Heading down the home stretch with our Social Libraries 101 series. Today I want to review the lessons we've covered so far, and extract what we've found to be the important components of a successful social library. When planning your social library initiative, it's crucial the initiative not be viewed just as a social networking project. It's not. It hinges on information management disciplines.

Social media is core to a social library. But it's not enough to ensure success. Although value is derived from connecting people, greater value is derived when social media tools are integrated with content. This makes communities, including corporate ones, more effective, agile, and cohesive.
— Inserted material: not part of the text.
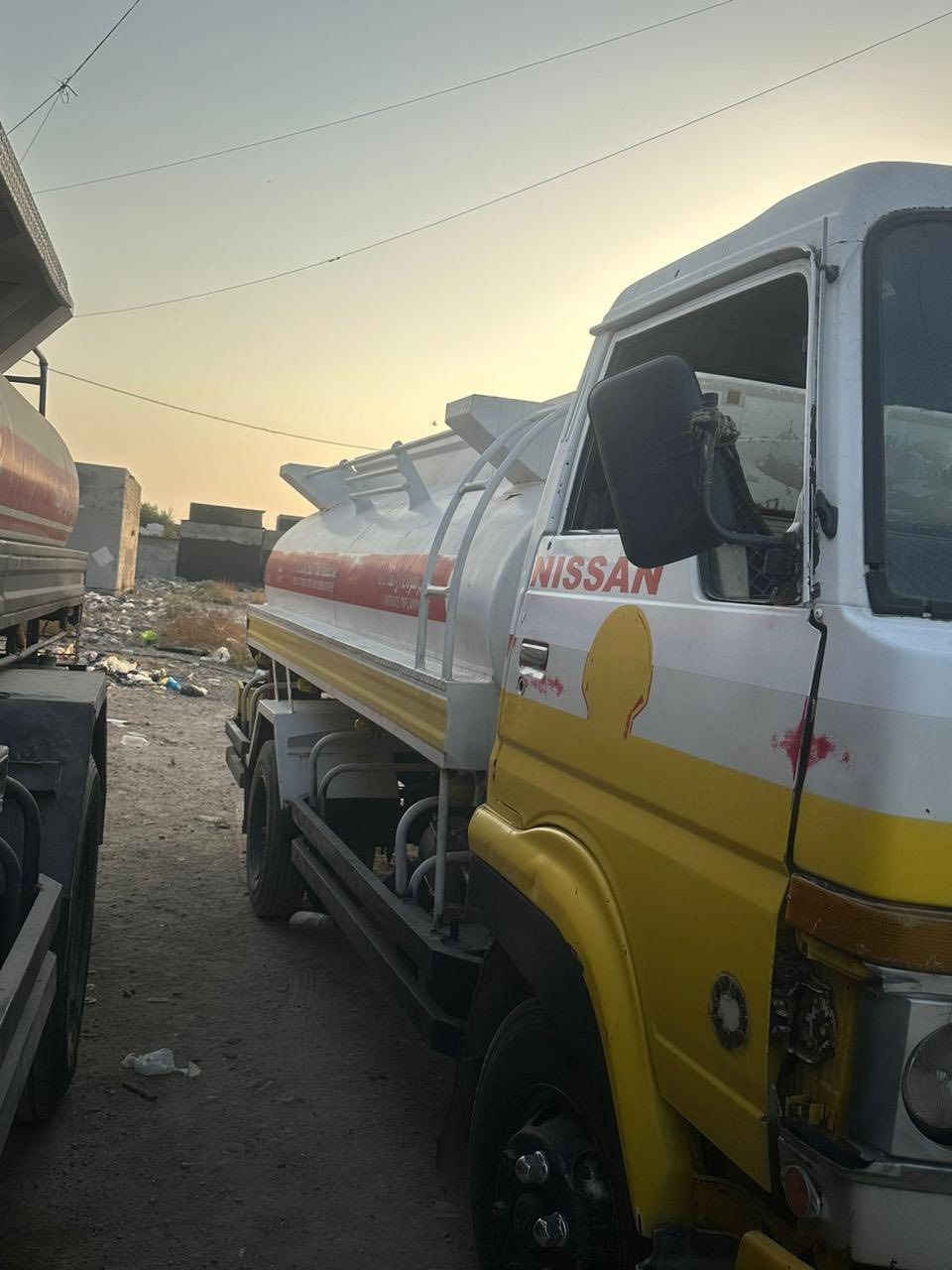 سلام عليكم نيسان موديل 1993
سياره جاهز كلشي مابيه رقم بغداد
That's where the social librarian becomes a key part of the social library's success. The role of the social librarian should include:

1. Feeding and weeding. Librarians source current, reliable, and relevant knowledge (both vetted and social), while weeding out outdated, irrelevant, and incomplete information.

2. Organizing. Librarians organize, categorize, and create environments to publish and provide more diverse and more social content to the community they serve.

3. Cultivating. Librarians cannot be solely responsible for ensuring the information published is the most useful and relevant. They must cultivate the social library by partnering with their organization’s experts.

In addition, there are actions organizations can take to create, implement, use and maintain a robust social library. In our experience working with organizations who've implemented Presto, we'd recommend:

1. Start with your end game in mind. Ask about problems to be addressed, desired results, and audiences to be served.

2. Have an information strategy. Identify the organization’s content, structure and strategy to collect, organize, and publish library content. Keep content as the priority.

3. Have a community strategy. Discuss and determine how social information can benefit and augment vetted information. Specify the content you will socialize and the content that is better left alone. Identify the formal and informal leaders and the roles they will play (blogging, etc.). Know the core benefit you deliver and what behavior you enable.

4. Play an active role. Actively manage information pathways by using social contributions to modify weeding and feeding strategies. Create global alerts and other time-savers to make the system most useful.

5. Monitor business impact and deliver value. Measure objectives before and after implementation of your social library. Monitor contributor’s adoption. Employ use reporting to understand who, what, and how often information is used. Focus on quality, and individual and organizational productivity.